Records supplied:

___

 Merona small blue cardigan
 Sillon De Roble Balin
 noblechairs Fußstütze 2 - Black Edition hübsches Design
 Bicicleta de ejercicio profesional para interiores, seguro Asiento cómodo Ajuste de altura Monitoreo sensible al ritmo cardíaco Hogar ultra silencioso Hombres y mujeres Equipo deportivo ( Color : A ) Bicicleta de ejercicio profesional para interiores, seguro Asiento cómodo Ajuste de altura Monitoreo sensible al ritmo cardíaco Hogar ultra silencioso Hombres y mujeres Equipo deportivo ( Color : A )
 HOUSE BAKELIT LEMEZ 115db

___

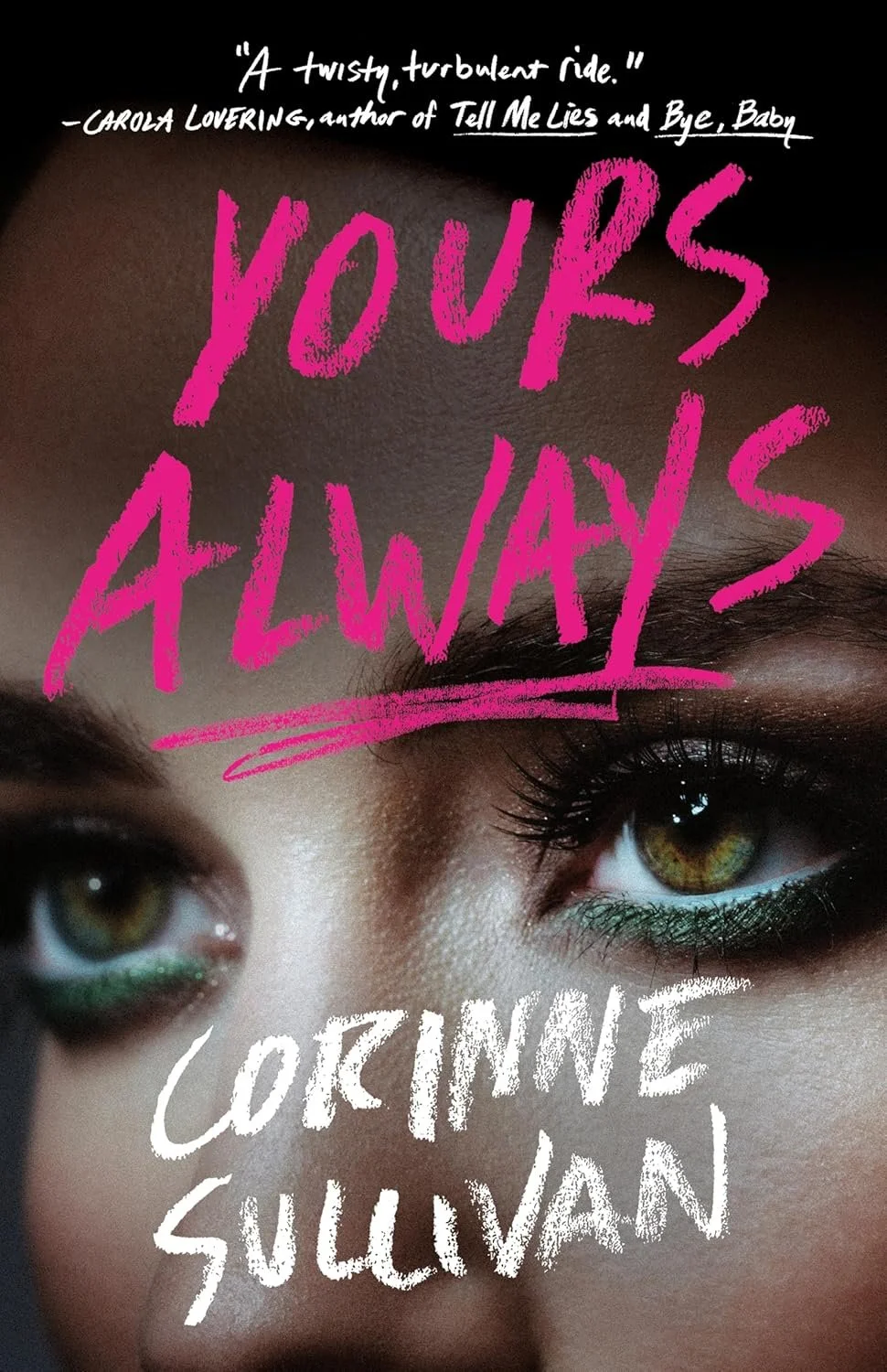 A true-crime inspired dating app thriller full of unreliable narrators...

___

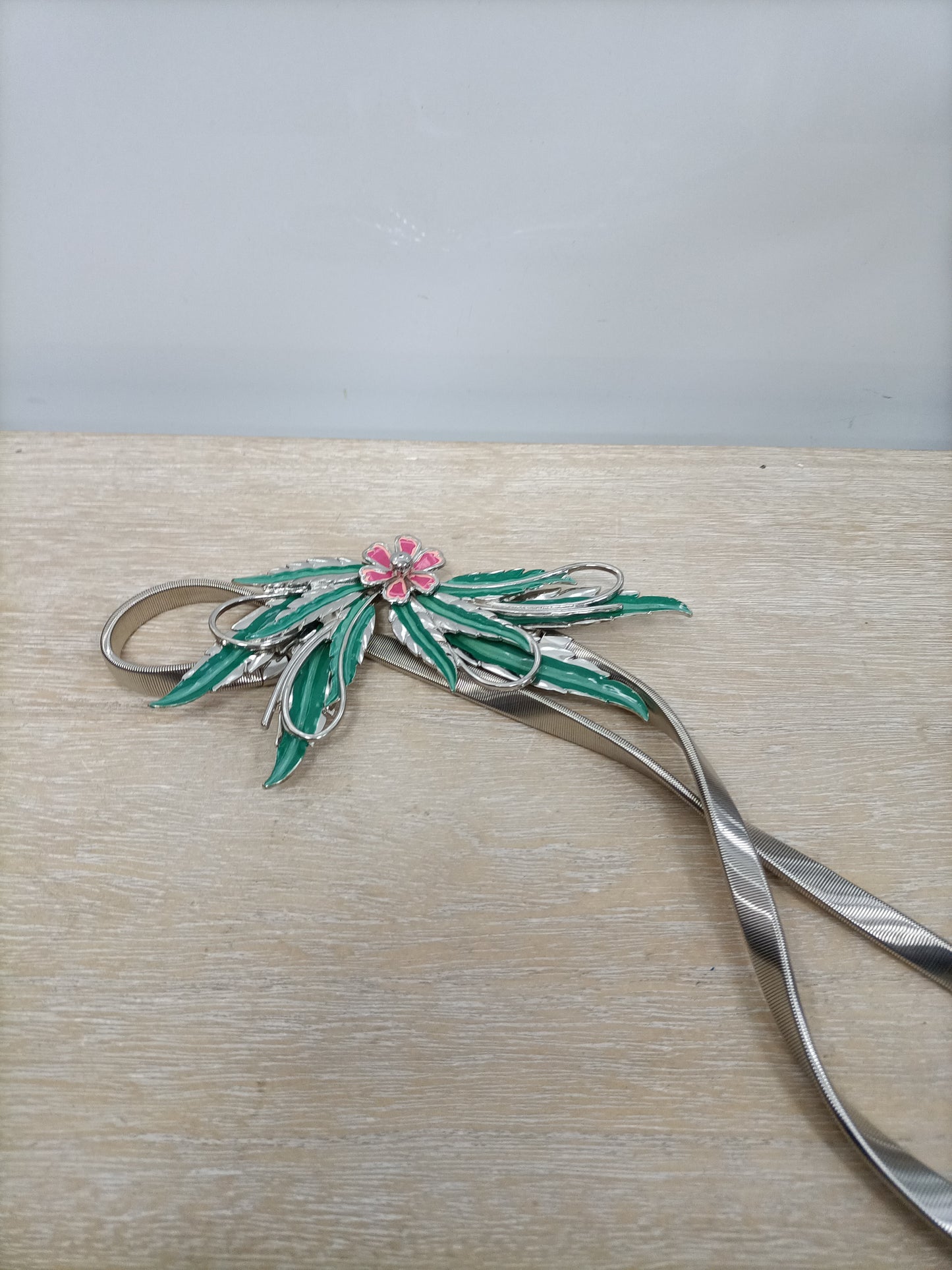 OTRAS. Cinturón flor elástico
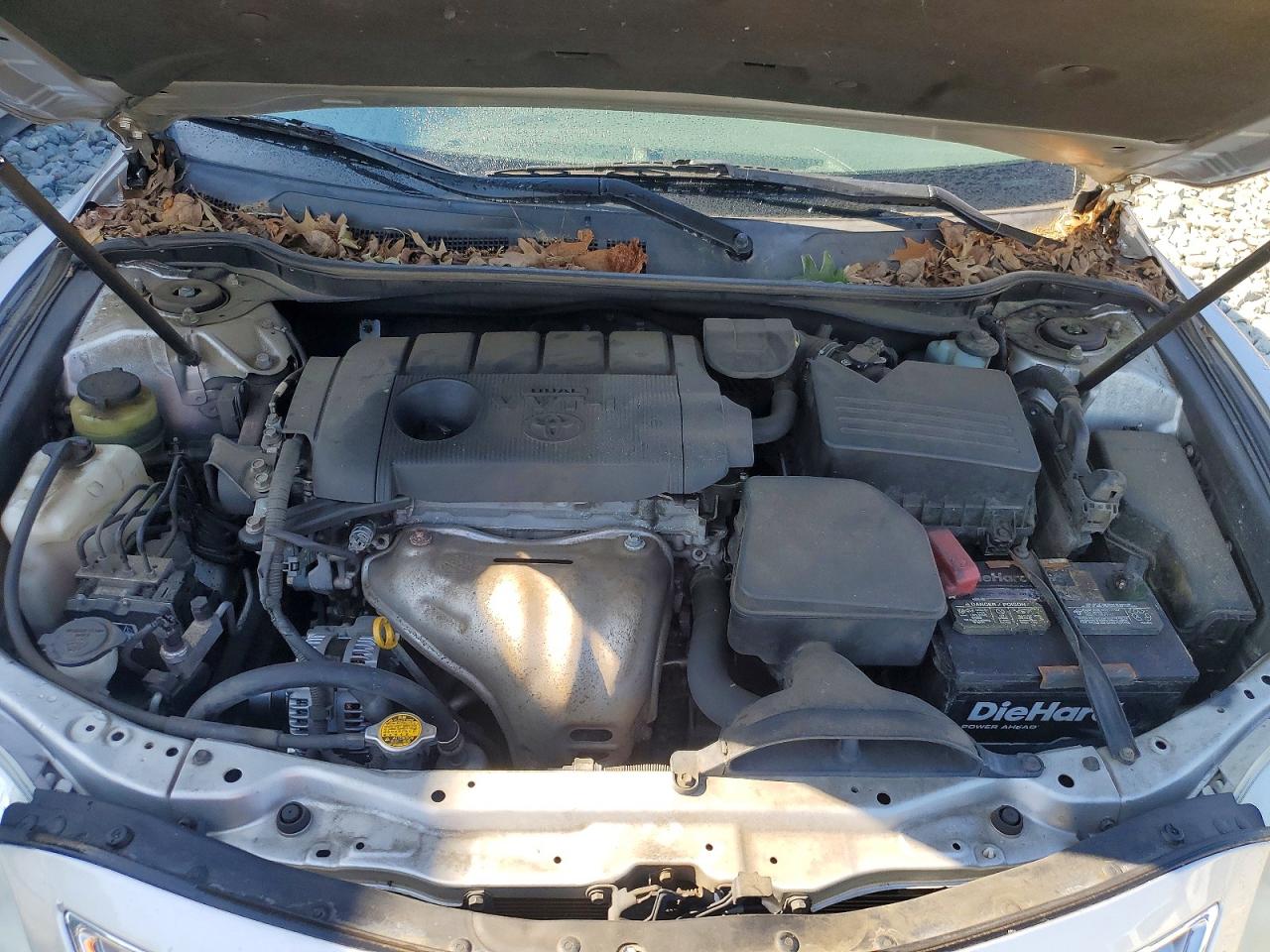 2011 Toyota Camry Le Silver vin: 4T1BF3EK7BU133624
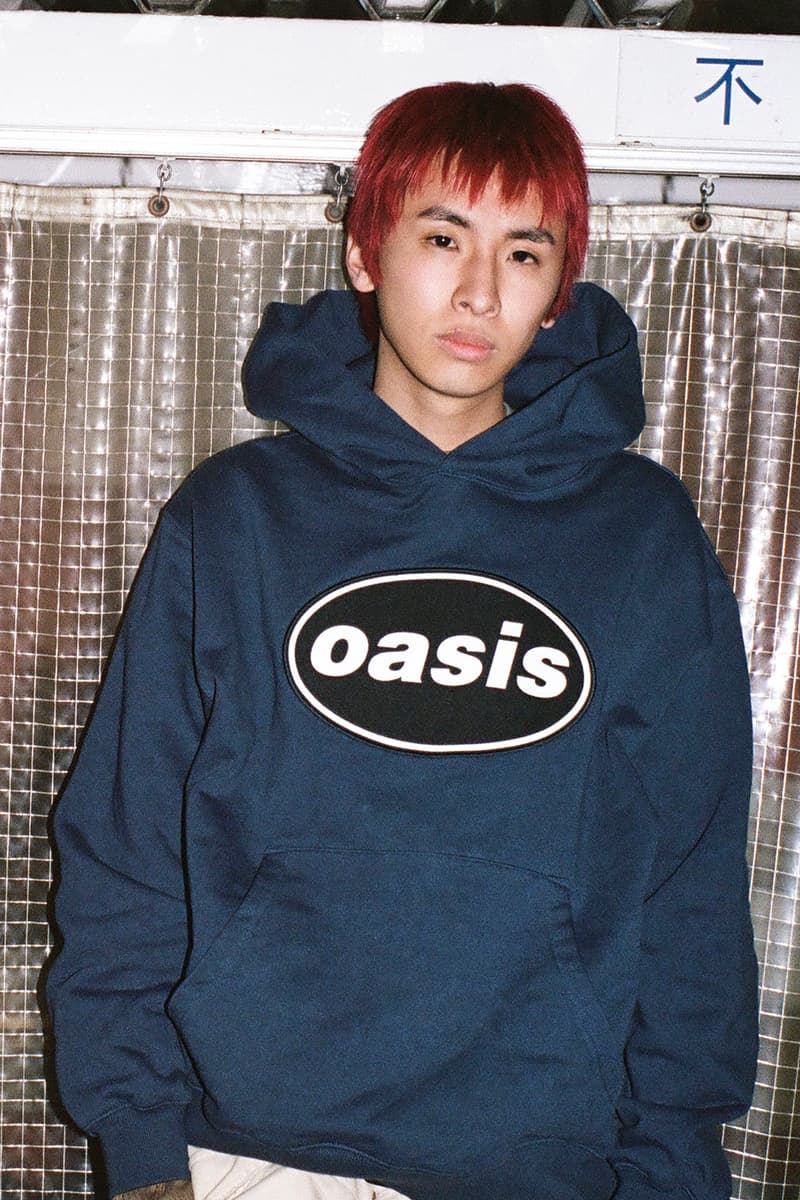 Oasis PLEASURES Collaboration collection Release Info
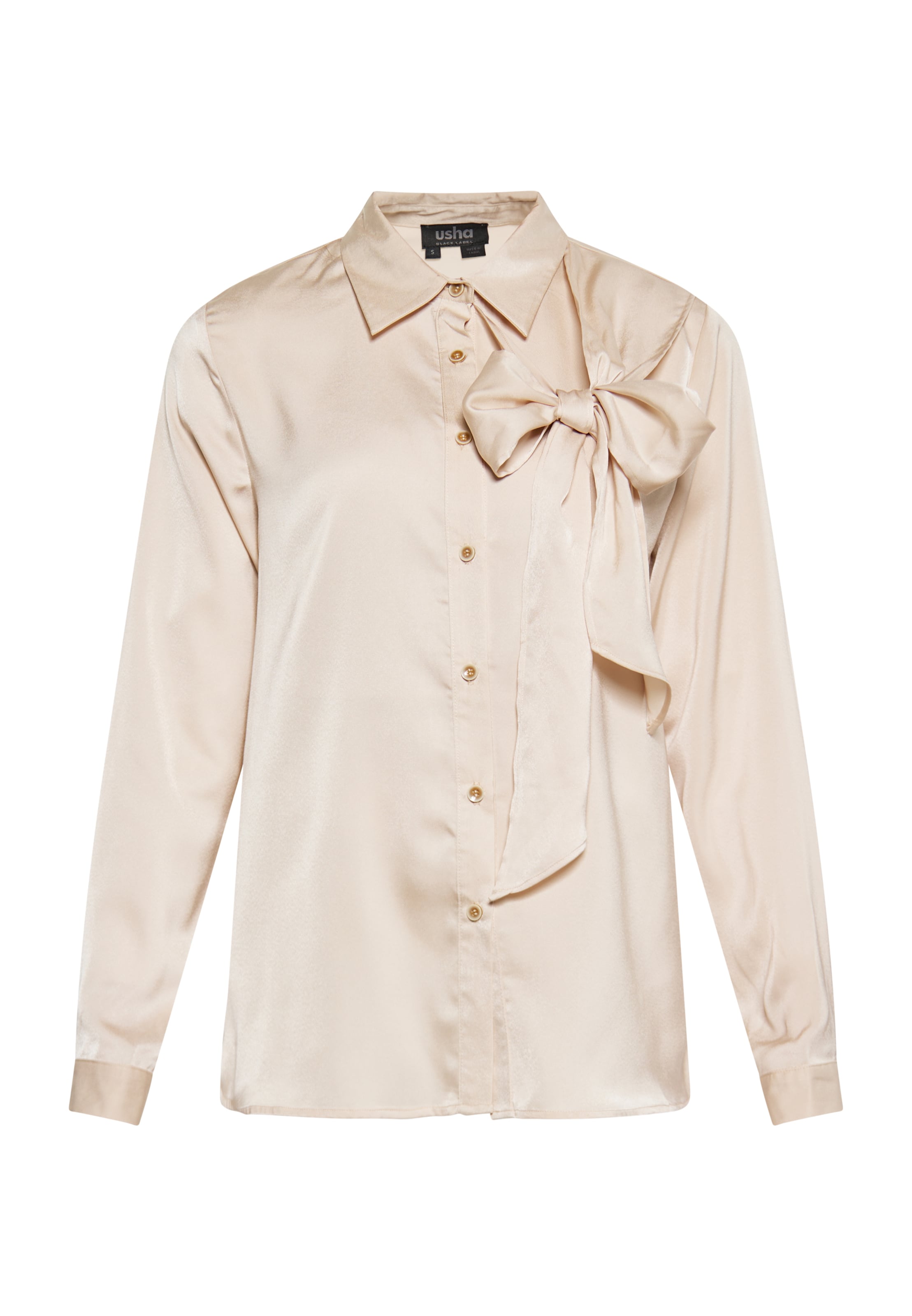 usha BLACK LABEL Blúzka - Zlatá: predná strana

___

Considering only the material above, set down every line from the one with "Merona small blue cardigan" to the one with "noblechairs Fußstütze 2", inclusive, exactly as written.

Response area:
 Merona small blue cardigan
 Sillon De Roble Balin
 noblechairs Fußstütze 2 - Black Edition hübsches Design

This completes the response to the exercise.